A Standing Offer is not a contract. It is an offer from a supplier to provides goods and/or services to clients at prearranged prices or pricing basis and under set terms and conditions for a specified period on an as and when requested basis. A separate contract is entered into each time a call-up is made against a Standing Offer. When a call-up is made, the terms and conditions are already in place and acceptance by Canada of the supplier's offer is unconditional. Canada's liability shall be limited to the actual value of the call-ups made within the period specified in the Standing Offer.

A call-up against a standing offer is an order issued under the authority of a duly authorized user against a particular standing offer. Communication of a call-up against a standing offer to the Offeror constitutes acceptance of the standing offer to the extent of the goods, services, or both, being ordered and causes a contract to come into effect. The parties to the contract that comes into effect when a call-up against a standing offer is made are Her Majesty, The Queen in right of Canada, as represented by the Minister of Public Works and Government Services and the Offeror.

A Request for a Standing Offer (RFSO) is a bid solicitation document used by the contracting authority to solicit offers for standing offers. As with any other bid solicitation document it must clearly state the requirement, the bid evaluation method and selection criteria, the call-up procedures, the ranking methodologies whenever applicable to be used for making call-ups against the authorized standing offer(s) and all terms and conditions applicable to the contract brought into effect as a result of any such call-up.

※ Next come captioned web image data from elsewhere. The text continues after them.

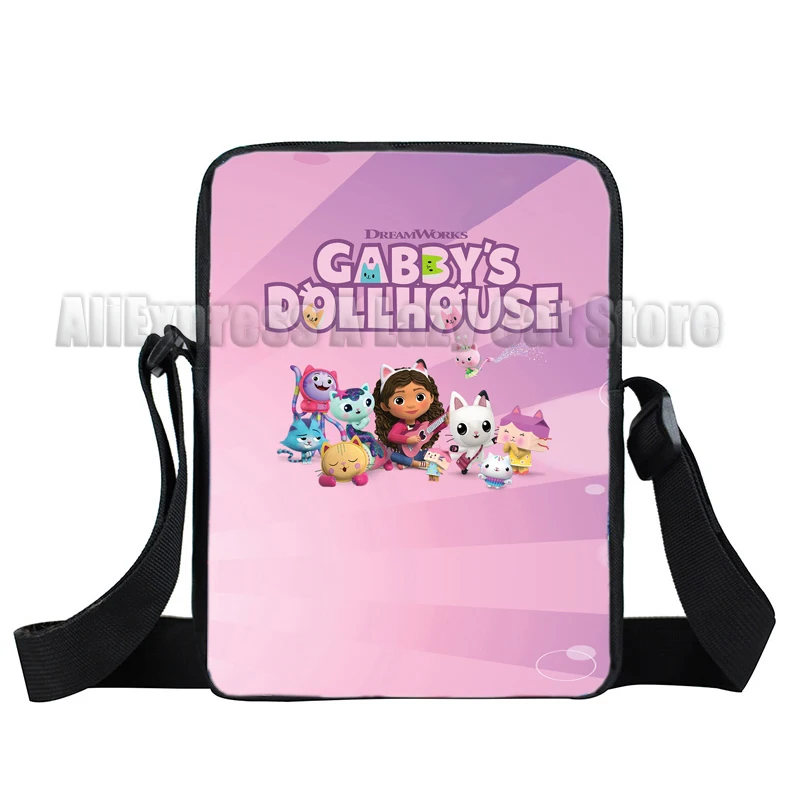 Gabby's Races House Nylon Initiated Crossbody Bags, Gabby Cat, Teenager Handbags, Student School Messenger Bag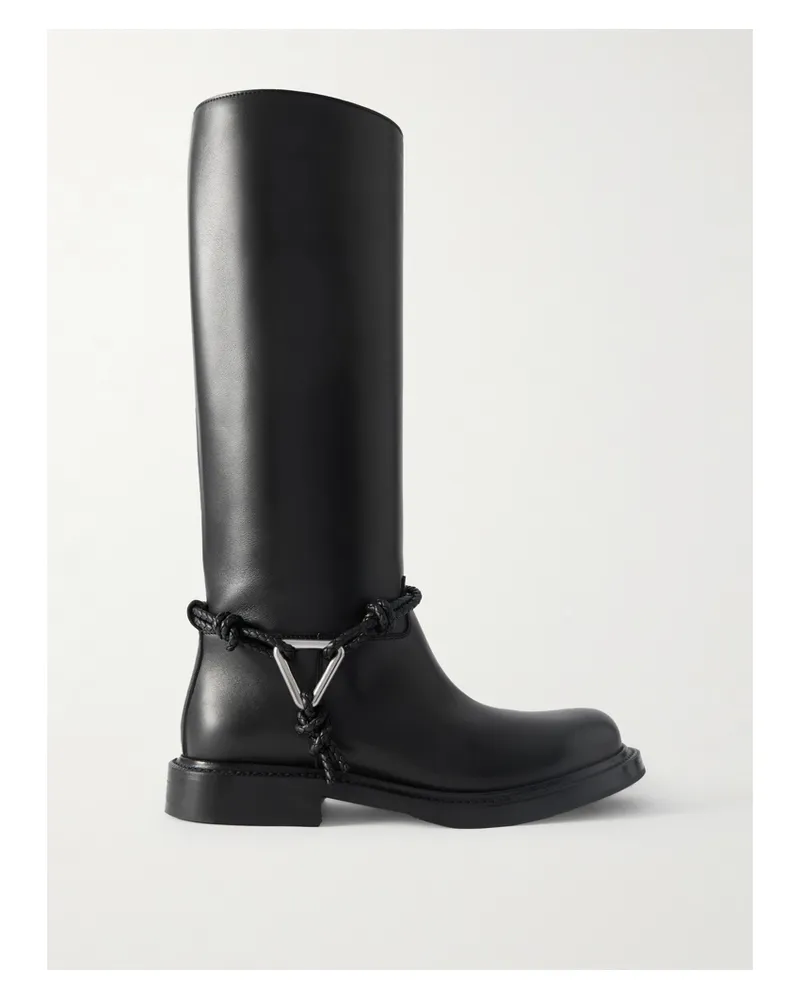 Bottega Veneta James Intrecciato-trimmed Leather Knee Boots - Black Black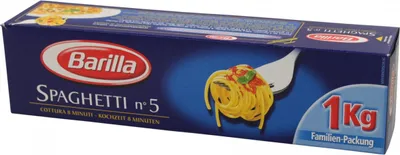 A box of Barilla Spaghetti No. 5.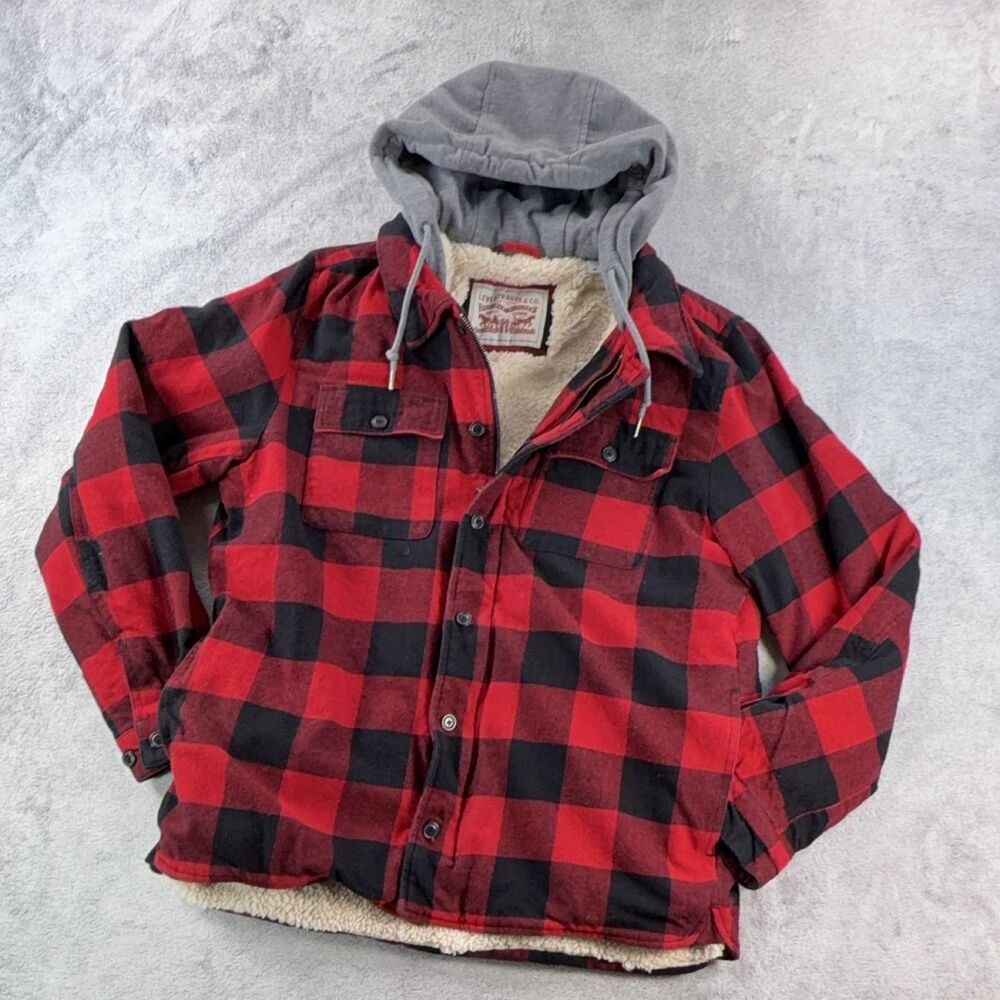 Levi Strauss & Co. Plaid Flannel Puffer Jacket Womens Hooded Faux Fur Lined M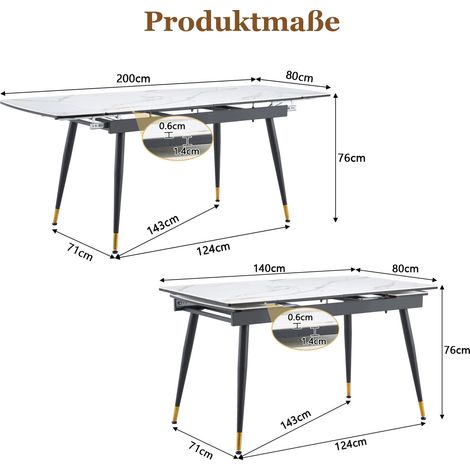 Table à manger extensible avec plateau en céramique blanche effet marbre, structure en métal noir et pieds dorés, 140-200 cm, sans chaises (1/5)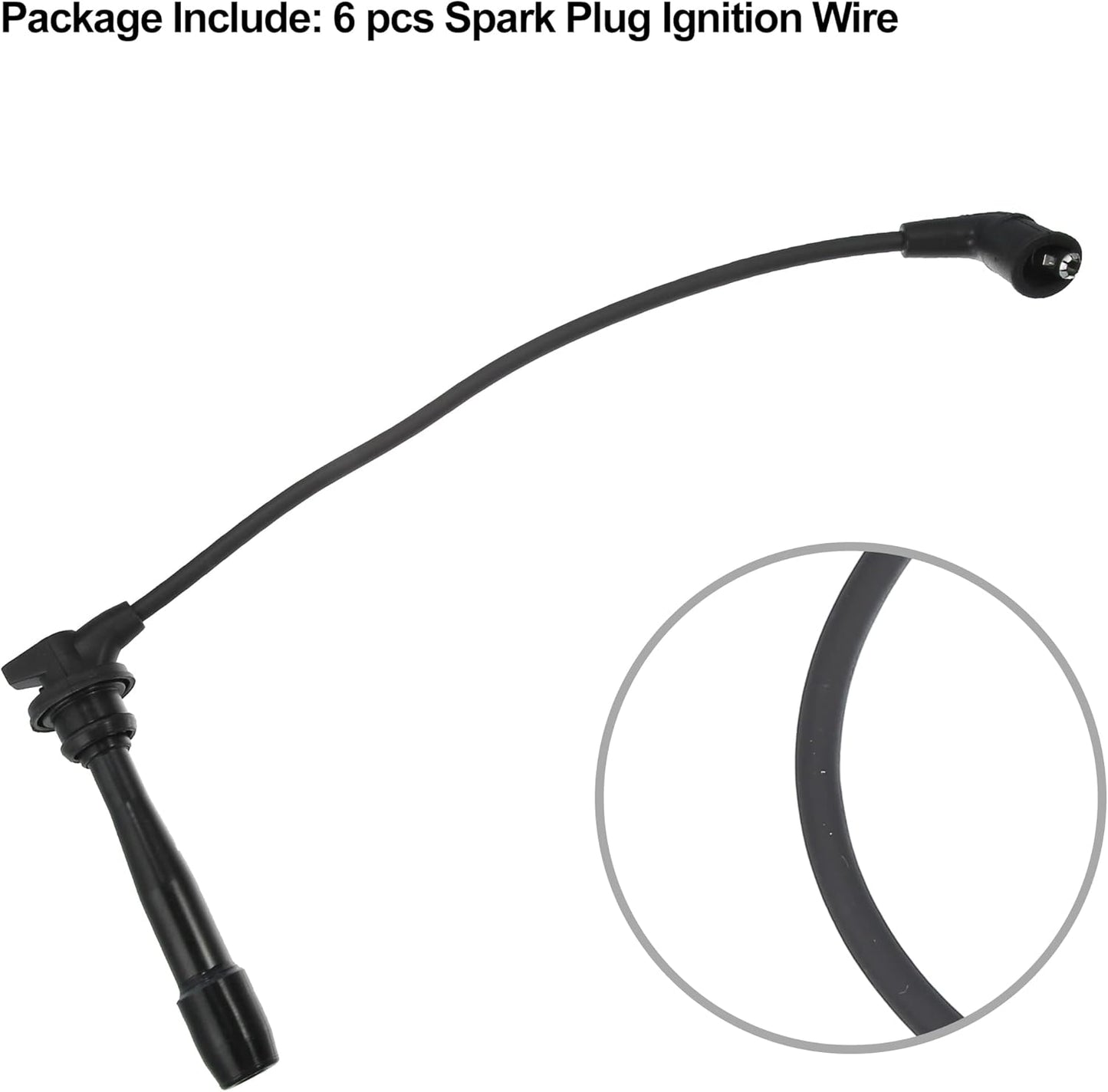 X AUTOHAUX 6pcs Spark Plug Ignition Wire for Hyundai Sonata GLS 2.5L V6 - Gas 1999-2001 for Hyundai Sonata GLS LX 2.7L V6 - Gas 2002 2003 Black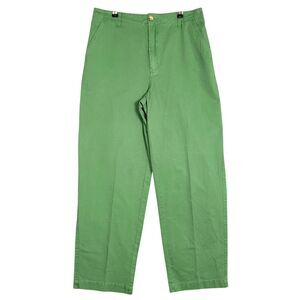 SUNDANCE Green Junie Jo High Rise Tapered Chino Pants Preppy Summer SIZE 12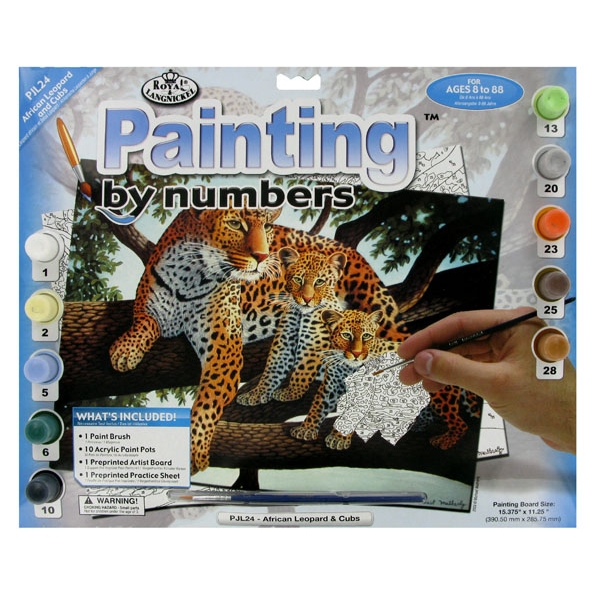A3 Large Painting By Numbers Kit - African Leopard And Cubs Pjl24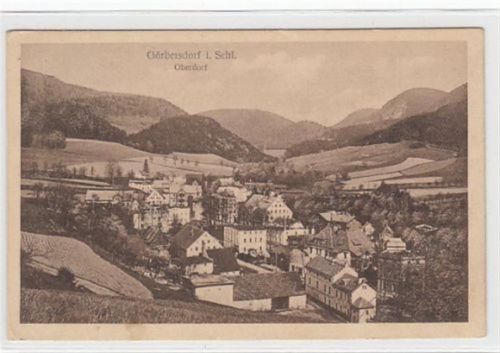 Görbersdorf i Schl Görbersdorf / Sokolowsko Oberdorf gelaufen 1926. Vorderseite leicht fleckig, sonst gut erhalten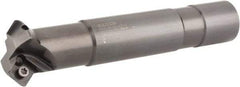 Seco - 45° Lead Angle, 1.55" Max Cut Diam, 1.039" Max Cut Diam, 5/8" Min Cut Diam, 0.2" Max Depth of Cut, Indexable Chamfer & Angle End Mill - 2 Inserts, SPMX 0903.. Insert Style, 4.33" OAL, Straight Shank - Exact Tool & Supply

A Standing Offer and Call-up Authority (SOCA) is a document issued by the contracting authority that serves two primary purposes: first, notification to the Offeror, that authority to call-up against a standing offer has been given to specific authorized users in respect of its standing offer; and, second, notification to clients, that, in respect to a specific standing offer, authority to call-up against the said standing offer has been granted to them, subject to the call-up authority set therein.


  1. Because use of a credit card results in immediate payment to the vendor, the normal payment period and interest on overdue accounts provisions do not apply. (See SACC Manual clauses M3503T and M3503C.)
  2. Contracting officers should verify if the client(s) need such a service and include appropriate details in the standing offers. In such cases a call-up form may, or may not, be warranted.